Honesty can be cathartic, but certain things in an athlete's life are better left unsaid. Has the term "no comment" been lost on these men?
I understand the difficulty some of them face when writing their autobiography, because they want its content to reflect who they are. So they turn their book into a tell-all, revealing the foibles in their life and everything else.
But do readers need to know everything? Are they really longing for yet-another Dr. Phil moment?
I pose these two questions because of the ongoing talk about Andre Agassi's soon-to-be-released autobiography "Open." In the book, Agassi discusses lying to the tennis federation in 1997 about his use of crystal meth, an illegal drug that has its appeal among a certain crowd.
I doubt he mentioned his use of crystal meth to show how cool he was. Remember, in the 1990s, Agassi was "Mr. Image Is Everything," and the cool factor attached to his name hadn't waned even as his mane of flowing blond locks had begun to give way to skin.
Agassi, who retired in 2006, has remained a popular athlete, an iconic figure for what he did on the tennis court and off it. He won more than his share, and he pulled his career from the bottom of the sport to its apex. Agassi was a powerful force in men's tennis for parts of two decades.
But his Grand Slam titles and other tennis exploits have gotten lost in the discussion of his drug use. It has become the talk of professional tennis, a sport crying for an American star to fill the void that he and Pete Sampras left when they retired.
I would have preferred not to know about Agassi's drug abuse. I'm not certain his autobiography, brutally honest as he claims it is, would have been less compelling without the mention of meth, but to bring the topic up puts his squeaky-clean public life under a different microscope. He sullied his imagine of the all-American boy, even though his revelation was about what he did a decade ago.
In my mind, Agassi, 39, didn't do his image a favor by opening all of his past for public scrutiny. He could have mesmerized readers with insights into his marriage to Brooke Shields, with stories about his struggles to rebuild his flagging tennis career, with stories about his life with tennis great Steffi Graf and with stories about his charitable initiatives on behalf of educating society's have-nots.
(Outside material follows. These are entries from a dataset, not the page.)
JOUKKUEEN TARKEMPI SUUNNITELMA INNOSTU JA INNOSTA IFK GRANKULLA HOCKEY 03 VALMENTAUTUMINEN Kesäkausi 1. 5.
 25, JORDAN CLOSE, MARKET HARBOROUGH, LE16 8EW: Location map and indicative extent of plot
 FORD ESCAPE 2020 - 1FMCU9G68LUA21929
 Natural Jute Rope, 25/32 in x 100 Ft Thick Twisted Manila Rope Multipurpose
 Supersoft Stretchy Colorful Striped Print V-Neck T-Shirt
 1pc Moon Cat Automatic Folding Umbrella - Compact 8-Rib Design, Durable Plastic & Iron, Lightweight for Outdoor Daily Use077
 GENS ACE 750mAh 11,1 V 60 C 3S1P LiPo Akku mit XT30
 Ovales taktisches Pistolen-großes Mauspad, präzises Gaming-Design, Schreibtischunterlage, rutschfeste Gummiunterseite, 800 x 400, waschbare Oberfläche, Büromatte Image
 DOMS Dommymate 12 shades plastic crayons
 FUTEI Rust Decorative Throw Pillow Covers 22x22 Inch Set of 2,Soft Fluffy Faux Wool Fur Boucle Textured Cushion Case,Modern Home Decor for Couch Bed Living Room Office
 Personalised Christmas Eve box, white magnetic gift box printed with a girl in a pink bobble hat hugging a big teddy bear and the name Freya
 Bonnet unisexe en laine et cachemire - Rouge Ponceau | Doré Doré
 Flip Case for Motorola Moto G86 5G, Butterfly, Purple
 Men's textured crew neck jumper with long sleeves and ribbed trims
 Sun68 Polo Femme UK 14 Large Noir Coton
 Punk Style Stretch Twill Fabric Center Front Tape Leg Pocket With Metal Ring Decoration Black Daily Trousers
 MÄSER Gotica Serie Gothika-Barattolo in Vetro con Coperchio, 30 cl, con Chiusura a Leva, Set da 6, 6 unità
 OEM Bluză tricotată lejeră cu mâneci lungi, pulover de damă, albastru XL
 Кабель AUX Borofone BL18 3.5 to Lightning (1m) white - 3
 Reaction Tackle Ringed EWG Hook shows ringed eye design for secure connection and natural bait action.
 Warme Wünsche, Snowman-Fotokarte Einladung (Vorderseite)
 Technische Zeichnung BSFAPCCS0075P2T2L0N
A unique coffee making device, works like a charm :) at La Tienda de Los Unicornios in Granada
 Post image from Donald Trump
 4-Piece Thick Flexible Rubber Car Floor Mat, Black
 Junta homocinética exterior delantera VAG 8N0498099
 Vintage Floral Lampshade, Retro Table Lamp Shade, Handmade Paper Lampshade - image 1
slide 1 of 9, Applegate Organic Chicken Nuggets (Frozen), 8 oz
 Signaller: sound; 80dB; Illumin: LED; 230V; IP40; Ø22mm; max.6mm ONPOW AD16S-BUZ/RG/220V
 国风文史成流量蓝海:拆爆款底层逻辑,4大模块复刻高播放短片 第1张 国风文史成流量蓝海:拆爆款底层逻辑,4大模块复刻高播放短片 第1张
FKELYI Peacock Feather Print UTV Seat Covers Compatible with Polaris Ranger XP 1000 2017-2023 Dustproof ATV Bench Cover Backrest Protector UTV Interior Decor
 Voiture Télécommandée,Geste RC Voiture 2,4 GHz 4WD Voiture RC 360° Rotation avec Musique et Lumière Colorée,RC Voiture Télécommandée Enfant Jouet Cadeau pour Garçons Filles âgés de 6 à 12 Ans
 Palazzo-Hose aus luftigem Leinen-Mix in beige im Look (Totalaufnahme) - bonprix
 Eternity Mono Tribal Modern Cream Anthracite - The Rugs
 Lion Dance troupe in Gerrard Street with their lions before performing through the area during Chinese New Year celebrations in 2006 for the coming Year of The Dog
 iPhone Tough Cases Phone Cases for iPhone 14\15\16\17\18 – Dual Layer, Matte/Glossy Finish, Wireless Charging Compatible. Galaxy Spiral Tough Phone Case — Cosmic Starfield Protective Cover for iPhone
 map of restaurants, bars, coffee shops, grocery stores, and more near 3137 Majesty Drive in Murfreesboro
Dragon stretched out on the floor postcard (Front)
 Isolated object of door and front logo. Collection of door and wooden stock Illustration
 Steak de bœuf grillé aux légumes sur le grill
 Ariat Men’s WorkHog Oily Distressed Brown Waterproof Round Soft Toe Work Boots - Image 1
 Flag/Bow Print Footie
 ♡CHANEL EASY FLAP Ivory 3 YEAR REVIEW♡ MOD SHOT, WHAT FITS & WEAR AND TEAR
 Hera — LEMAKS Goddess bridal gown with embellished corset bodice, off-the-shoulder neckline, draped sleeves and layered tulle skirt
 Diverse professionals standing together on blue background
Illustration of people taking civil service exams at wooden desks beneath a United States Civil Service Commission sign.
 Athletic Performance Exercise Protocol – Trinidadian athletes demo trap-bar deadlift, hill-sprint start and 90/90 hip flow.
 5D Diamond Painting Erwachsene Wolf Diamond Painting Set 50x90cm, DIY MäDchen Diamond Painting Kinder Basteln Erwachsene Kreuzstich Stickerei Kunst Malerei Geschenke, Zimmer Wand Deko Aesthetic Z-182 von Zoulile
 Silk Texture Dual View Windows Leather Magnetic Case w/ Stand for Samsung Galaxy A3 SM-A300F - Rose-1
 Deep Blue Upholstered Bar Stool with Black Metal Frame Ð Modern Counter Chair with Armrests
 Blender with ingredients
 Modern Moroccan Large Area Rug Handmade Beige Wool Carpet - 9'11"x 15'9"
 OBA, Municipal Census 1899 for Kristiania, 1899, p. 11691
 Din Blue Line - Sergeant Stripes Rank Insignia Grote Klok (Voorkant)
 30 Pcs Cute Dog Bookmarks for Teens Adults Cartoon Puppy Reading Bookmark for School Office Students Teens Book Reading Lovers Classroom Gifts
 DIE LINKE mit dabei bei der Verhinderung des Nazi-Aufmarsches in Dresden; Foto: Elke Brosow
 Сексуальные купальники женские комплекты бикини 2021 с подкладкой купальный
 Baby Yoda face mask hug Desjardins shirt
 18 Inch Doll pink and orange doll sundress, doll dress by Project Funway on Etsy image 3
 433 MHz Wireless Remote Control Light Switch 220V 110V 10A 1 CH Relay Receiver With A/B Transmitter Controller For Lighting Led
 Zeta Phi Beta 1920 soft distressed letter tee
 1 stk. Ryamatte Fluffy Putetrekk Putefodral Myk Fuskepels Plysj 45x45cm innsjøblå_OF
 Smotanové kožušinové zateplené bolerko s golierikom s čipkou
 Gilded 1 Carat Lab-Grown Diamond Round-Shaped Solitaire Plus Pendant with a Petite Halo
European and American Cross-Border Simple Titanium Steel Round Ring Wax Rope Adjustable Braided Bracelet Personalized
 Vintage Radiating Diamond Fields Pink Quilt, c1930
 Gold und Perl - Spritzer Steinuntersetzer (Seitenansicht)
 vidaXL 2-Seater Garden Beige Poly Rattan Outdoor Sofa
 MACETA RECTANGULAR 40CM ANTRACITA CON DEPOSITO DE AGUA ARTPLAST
I care as much about his using crystal meth as I do about whether he drinks Crystal Light, Tang or Kool-Aid.
Tell me about his rivalry with Sampras. Let me into what drove you to the top of the sport. Share with me your memories of the exotic places tennis took you. Walk me through the reasoning behind your decision to put your money behind educating people.
I find those stories relevant to what Agassi has become as a man. I prefer more of that, and less of tabloid tales of drugs or sex. I didn't like it when LeBron James revealed in his memoir that he had used marijuana in high school, and I don't like what Agassi did in talking about his use of crystal meth.
For the story of a flawed character is trite. I think the public is better served in viewing Agassi as a genuine hero without warts, not as the second coming of Levi Johnston. Agassi wouldn't be lying; he would just be holding on to a side of his private life that wasn't necessary to reveal.
To my knowledge, no one asked Andre Agassi about a drug problem. So what was his reason to tell?